Siheli Siyathra
The Day Dinosaurs Died

One of the greatest illusions in life is continuity. 66 million years ago, the continuity of dinosaurs had been going on for about 165 million years already - and it didn’t seem this would change anytime soon. The world was warm and pleasant and most of the land was covered in lush green forests. Earth was home to an amazing diversity: trees, flowers, ferns, and trillions of animals. Dinosaurs existed in all shapes and sizes. It was an ancient paradise, a world full of life. 66 million years ago, life was just like it had been the day before. Until a tiny, tiny detail changed in the night sky.

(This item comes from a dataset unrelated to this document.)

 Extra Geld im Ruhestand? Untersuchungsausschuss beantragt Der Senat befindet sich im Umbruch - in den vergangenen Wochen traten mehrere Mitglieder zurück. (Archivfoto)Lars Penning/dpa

If dinosaurs were watching the sky, they might have noticed a new star. A tiny dot that gets bigger and brighter for many weeks. Until one fateful day, when it begins to look like another small moon in the night sky. And then, it disappears as it dips into Earth’s shadow. For a few more hours, the illusion of continuity is upheld, until it was not to be anymore. In the morning, the object suddenly appears again. Now as large as the sun in the sky and growing every moment, the asteroid heads toward the coast near Yucatan, Peninsula. Within seconds, the asteroid makes contact with the shallow coast and bedrock below. The energy of tons of nuclear weapons is released as the asteroid vaporizes.

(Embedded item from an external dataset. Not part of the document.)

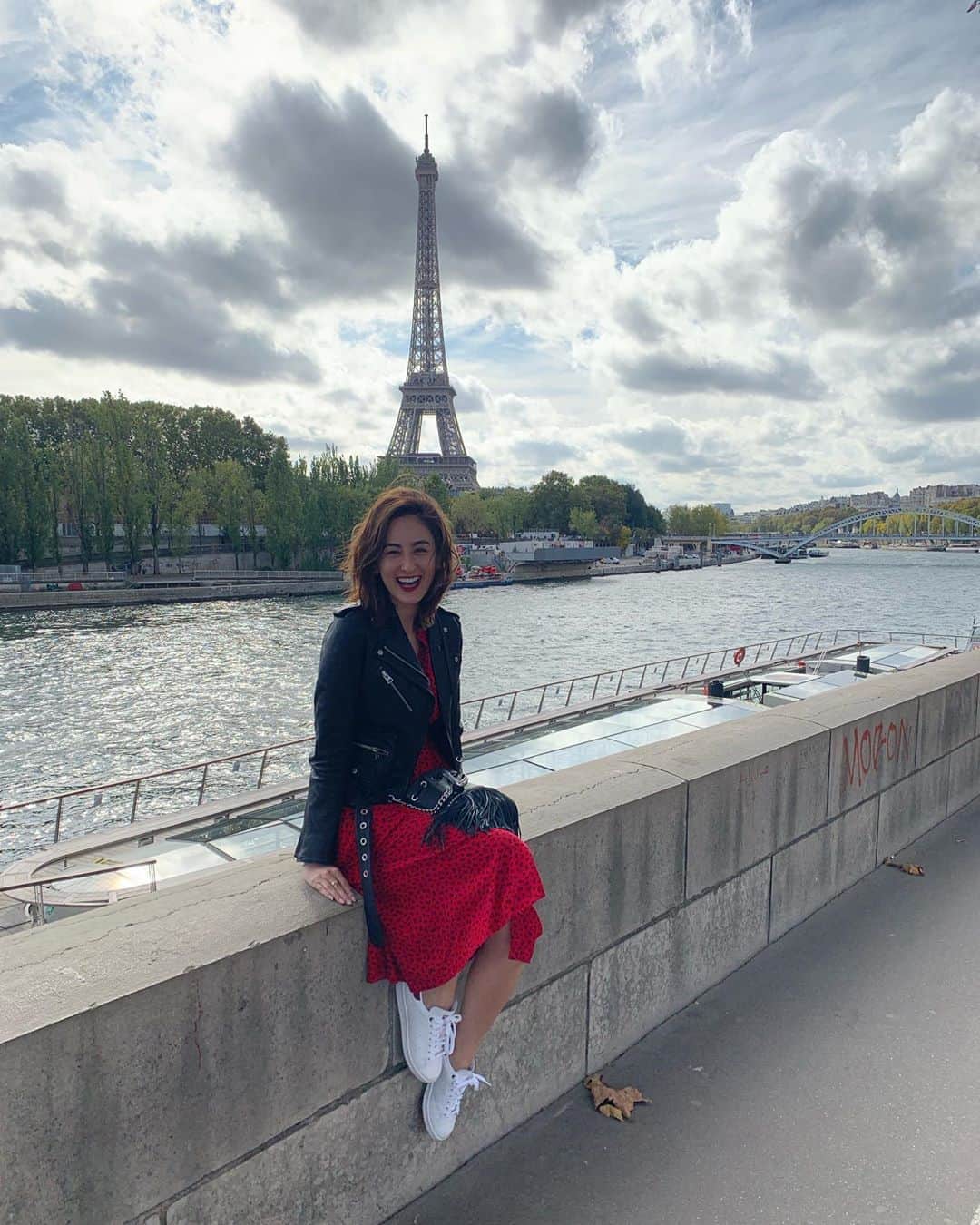 オードリー亜谷香のインスタグラム：「Paris is always a good idea 💡🇫🇷」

Bedrock melts into seething hot plasma at tens of thousands of degrees Celsius. The thermal radiation from the explosion travels at the speed of light and immediately burns everything within 1500 km. The Earth’s crust flows away like liquid from the impact site. The ocean is pushed back for hundreds of kilometers. As the crust flows back, it forms a mountain that is about 10 km high. An incredible amount of material is blasted into space. A magnitude 11 earthquake hits the planet. It’s so insanely strong that in India, it might have shaken gigantic lava fields and caused volcanic eruptions that would have lasted for 30,000 years. Even on the side of Earth opposite the impact, the ground moves by several meters. Nobody would sleep through this day. A shock wave travels in every direction. It’s so powerful that it’s the equivalent of hyper hurricanes in Gas Giants. In middle America, every living thing is shredded to pieces and catapulted thousands of kilometers away. The displaced oceans return, and the temporary lava mountain collapses. A ring of tsunamis as high as one kilometer heads in all directions. The waves drown many coastlines.
15 hours after impact:
The remains of the asteroid which were blasted into space start to fall back. When thousands of pieces of rock are falling through the upper atmosphere, the lower atmosphere heats up. In this case, the atmosphere either heated up to hundreds of degrees for two minutes or up to thousands of degrees for one minute. Either way, the immense heat and falling rock wiped out many species. In a few hours, massive wildfires were probably burning around the globe. Some of them may have burned for months, turning Earth into a horrifying hell-ish version of itself. As the day of disaster draws to an end, many of the dinosaurs are already dead. But the worst is yet to come.
1 day after impact:
The gigantic vaporized plume of material reaches the upper atmosphere and covers the whole globe. Together with the soot from the burning planet, Earth sinks into deep darkness with only the fires illuminating the scene. Whatever plants that survive the firestorm would die without sunlight. Temperatures crash as much as 25 degrees celsius.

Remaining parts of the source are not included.